◆ **EXERCISE**
Starting at the first line of the listing below, retype each line up to and including the one that contains "Amazing Power-hero Vegas". Leave pictures out.

◆ **DATA**

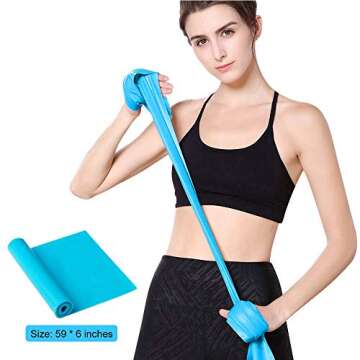 GOAITOU Resistance Bands, Exercise Bands, Work Out Bands, Stretch Bands for Working Out Women or Men, Elastic Bands for Yoga, Pilates, Strength Training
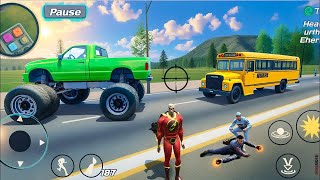 Amazing Power-hero Vegas Town Simulator - Bus And Monster Truck Drive  - Android Gameplay screenshot 3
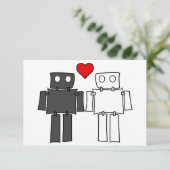 Jongen Bots in Liefde Bedankkaart (Staand voorkant)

◆ **SOLUTION FOR THIS EXERCISE**
 GOAITOU Resistance Bands, Exercise Bands, Work Out Bands, Stretch Bands for Working Out Women or Men, Elastic Bands for Yoga, Pilates, Strength Training
 Amazing Power-hero Vegas Town Simulator - Bus And Monster Truck Drive  - Android Gameplay screenshot 3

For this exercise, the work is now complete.